THE DEADLY SNAKES with BBQ at the Horseshoe (370 Queen West), Friday (August 25), 10 pm. $20, advance, $18. 416-870-8000. Rating: NNNNN
Disheartening as it was to hear that the Deadly Snakes show at the Horseshoe Friday (August 25) would be their last stand, 10 years and four albums on U.S. labels is an impressive run for a Toronto indie garage soul band. Especially considering that their original plan in 1996 was to just play some house parties that summer.
Like many incidents in the Snakes' checkered past, recalling the group's origins with founding keyboardist Max McCabe-Lokos, aka Age of Danger, brings up a story involving colourful local promoter Dan Burke, who was among the first to see the potential in the wiry teenage delinquents.
"Once Dan asked me if he could come by my place and hang out for a while," says McCabe-Lokos. "I thought he meant for the afternoon. So he shows up, plunks himself down on the couch and lived there for the next three weeks! I'd come home and Dan would be reclining on the couch munching day-old donuts and reading last week's newspaper.
"But I have to say Dan did a lot for us. He gave us a lot of encouragement, telling us we were exactly what rock 'n' roll should be about. I remember him saying, 'If you're going to play rock 'n' roll, you have to live it. So when you come to my bar, you can do whatever the fuck you want!'
"He booked us between 10 and 15 shows, and even though hardly anyone was showing up, he'd still pay us - and not in women's designer jeans."
It's appropriate that BBQ, aka Mark Sultan - among other surprise guests - is sharing the stage with the Snakes at their final show (which might turn out to be Saturday if the Snakes decide to return BBQ's favour and open his Silver Dollar show), since it was Sultan's group the Spaceshits who boosted the Snakes' profile early on by inviting them to split bills in Montreal and Toronto and by taking the Snakes out for their first U.S. tour.
"The guys in the Spaceshits went to (Sympathy For The Record Industry label boss) Long Gone John and said, 'These friends of ours have this amazing band, and you should do a record with them.' I don't think he even heard our stuff.
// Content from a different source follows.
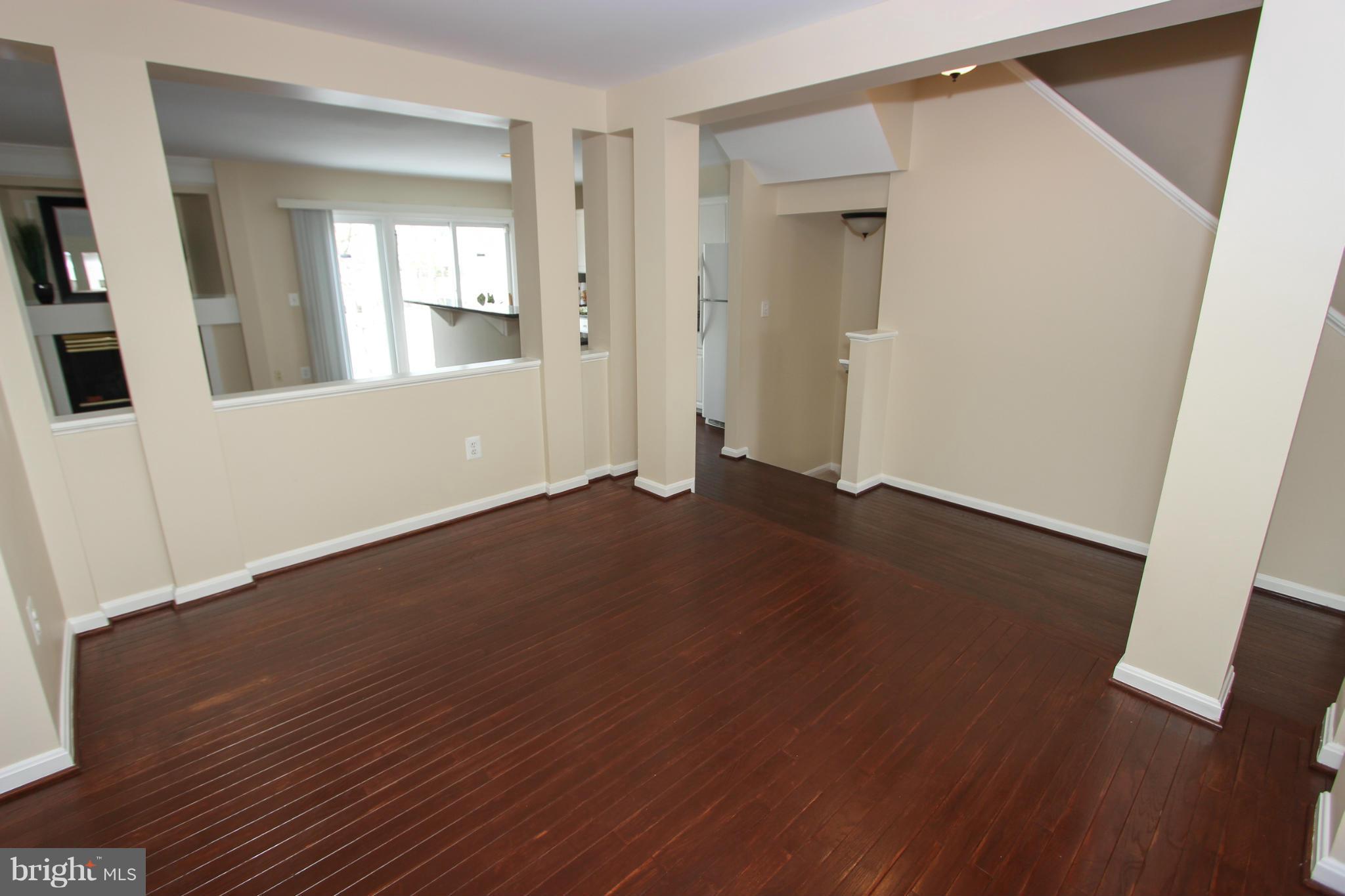 1706 Random Stone Court Reston, VA 20190 - Photo 20 of 30 an empty room with wooden floor and windows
He called us up and asked, 'How much do you need to make an album?' We didn't know anything about production costs, but someone said, '$2,000.' Long Gone was, like, 'OK, sounds good.' So we did it.
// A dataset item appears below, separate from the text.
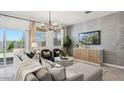 Inviting living area with stylish furniture, decorative lighting, and large sliding glass doors at 5771 E Axle Ln, San Tan Valley, AZ 85140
"The minimalist production gives a real live feel, and I think it's exactly right for the style of music were playing. We didn't know what we were doing so we didn't think about it. After that, we became more self-conscious about the whole studio process, and our recordings changed because of it."
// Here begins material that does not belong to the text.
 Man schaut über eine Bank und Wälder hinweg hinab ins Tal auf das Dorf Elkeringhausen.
For many Snakes fans, the aggressive attack of Love Undone makes it their favourite of the group's albums, but it left the group members trying successively harder on each of their next three albums to wipe away the garage band rep they'd acquired.
There were signs that the Snakes' days were numbered with the 2004 release of singer/guitarist Andre Ethier's solo debut, Andre Ethier With Christopher Sandes Featuring Pickles And Price (Sonic Unyon).
"It seemed to me that there was no longer any interest in working with me in the Snakes any more. Just the way it all came together - while I was away in Portugal for three months - seemed less than tactful. I blew up. If Andre had told me what he was planning, I might've reacted differently, but I found out second-hand. That made things very difficult."
It certainly added a few twists to the Snakes' sessions for their Porcella album, which now seems like their final statement. That is, unless they decide to release a live recording from the Horseshoe gig, which they'll be taping for posterity.
"My attitude was, if the solo album was his project, this Snakes recording is going to be my project. So going in, I made it clear that I was going to produce the record and mix it too. That created this really competitive atmosphere, which makes Porcella sound the way it does. I think the tension of those sessions comes through. It's a strange record, but I'm happy with it."